=== About this task ===
Word for word, restate the lines of the data below between those holding "Помет щенков в" and "용화고길 | 용화동피부관리", inclusive; pictures do not belong in the copy.

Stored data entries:
★ ★ ★ ★

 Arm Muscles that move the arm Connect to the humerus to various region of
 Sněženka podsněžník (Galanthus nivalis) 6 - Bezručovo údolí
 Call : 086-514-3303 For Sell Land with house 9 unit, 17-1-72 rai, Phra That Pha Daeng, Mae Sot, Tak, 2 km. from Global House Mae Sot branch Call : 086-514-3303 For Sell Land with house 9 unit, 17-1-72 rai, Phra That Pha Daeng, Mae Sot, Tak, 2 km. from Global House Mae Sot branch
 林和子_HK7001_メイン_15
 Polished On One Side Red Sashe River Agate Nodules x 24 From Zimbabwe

★ ★ ★ ★

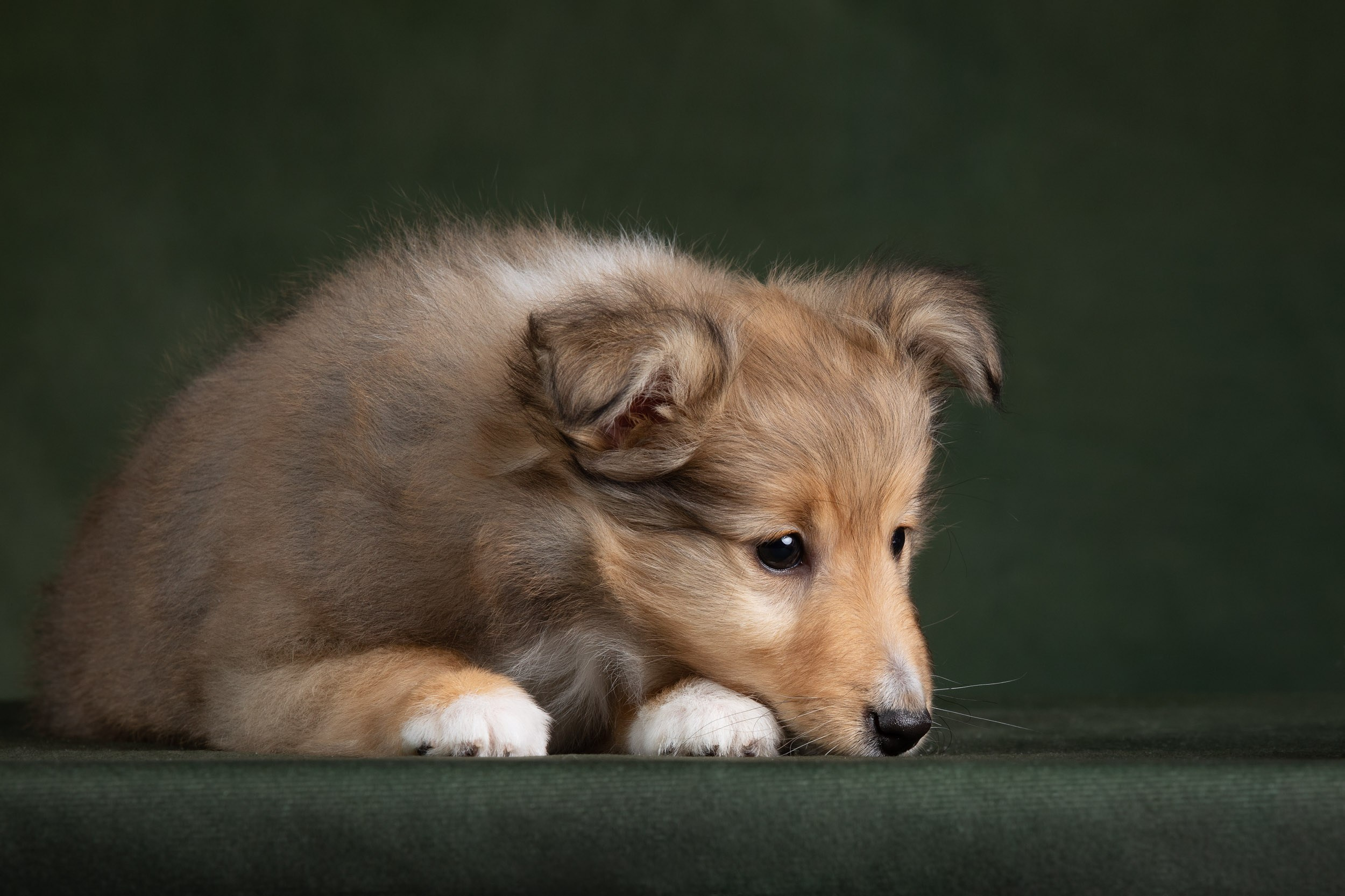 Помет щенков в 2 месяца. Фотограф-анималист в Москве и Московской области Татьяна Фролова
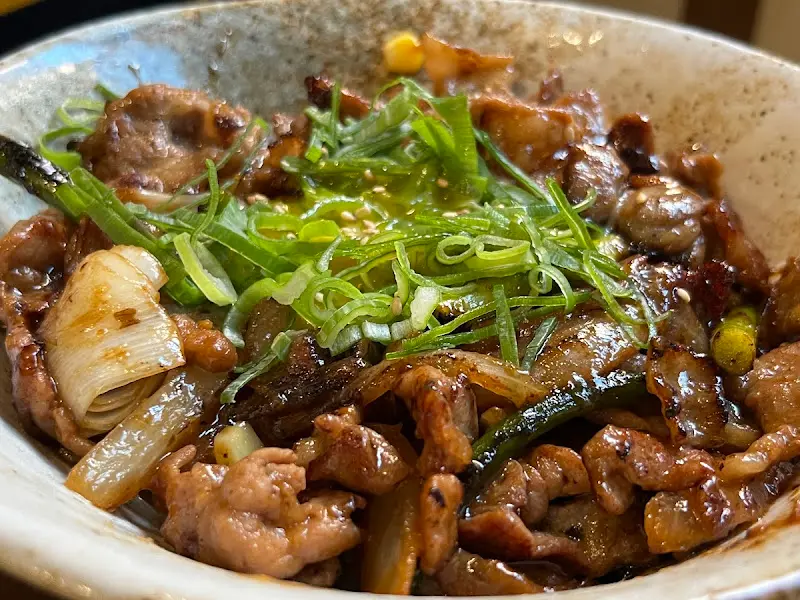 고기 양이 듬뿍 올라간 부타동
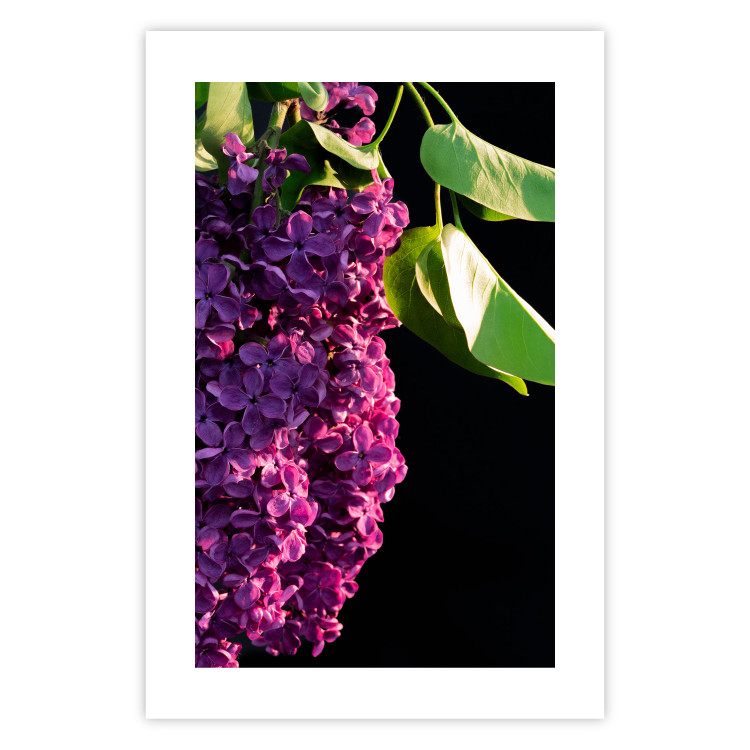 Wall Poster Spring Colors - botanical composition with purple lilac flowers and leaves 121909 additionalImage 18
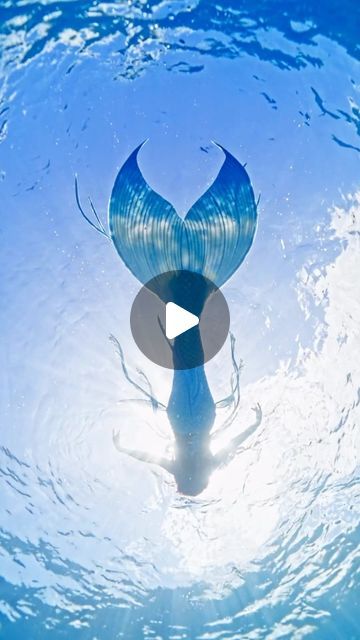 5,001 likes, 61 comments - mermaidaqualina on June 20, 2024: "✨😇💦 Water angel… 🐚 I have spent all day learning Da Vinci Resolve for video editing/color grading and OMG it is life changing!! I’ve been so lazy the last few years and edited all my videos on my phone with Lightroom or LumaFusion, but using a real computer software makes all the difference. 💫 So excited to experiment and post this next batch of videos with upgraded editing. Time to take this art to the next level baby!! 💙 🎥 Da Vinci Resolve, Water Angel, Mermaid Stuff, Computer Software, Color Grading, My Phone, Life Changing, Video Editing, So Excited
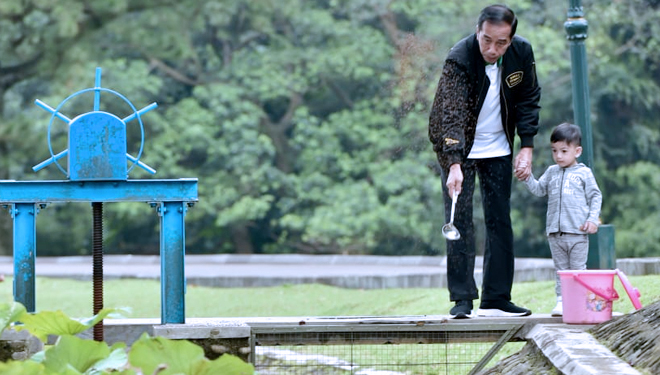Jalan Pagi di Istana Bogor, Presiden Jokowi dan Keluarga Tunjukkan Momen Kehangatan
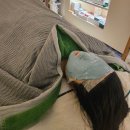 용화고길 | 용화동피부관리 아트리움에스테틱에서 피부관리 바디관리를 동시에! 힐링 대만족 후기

★ ★ ★ ★

=== Response to the task ===
 Помет щенков в 2 месяца. Фотограф-анималист в Москве и Московской области Татьяна Фролова
 고기 양이 듬뿍 올라간 부타동
 Wall Poster Spring Colors - botanical composition with purple lilac flowers and leaves 121909 additionalImage 18
 5,001 likes, 61 comments - mermaidaqualina on June 20, 2024: "✨😇💦 Water angel… 🐚 I have spent all day learning Da Vinci Resolve for video editing/color grading and OMG it is life changing!! I’ve been so lazy the last few years and edited all my videos on my phone with Lightroom or LumaFusion, but using a real computer software makes all the difference. 💫 So excited to experiment and post this next batch of videos with upgraded editing. Time to take this art to the next level baby!! 💙 🎥 Da Vinci Resolve, Water Angel, Mermaid Stuff, Computer Software, Color Grading, My Phone, Life Changing, Video Editing, So Excited
Jalan Pagi di Istana Bogor, Presiden Jokowi dan Keluarga Tunjukkan Momen Kehangatan
 용화고길 | 용화동피부관리 아트리움에스테틱에서 피부관리 바디관리를 동시에! 힐링 대만족 후기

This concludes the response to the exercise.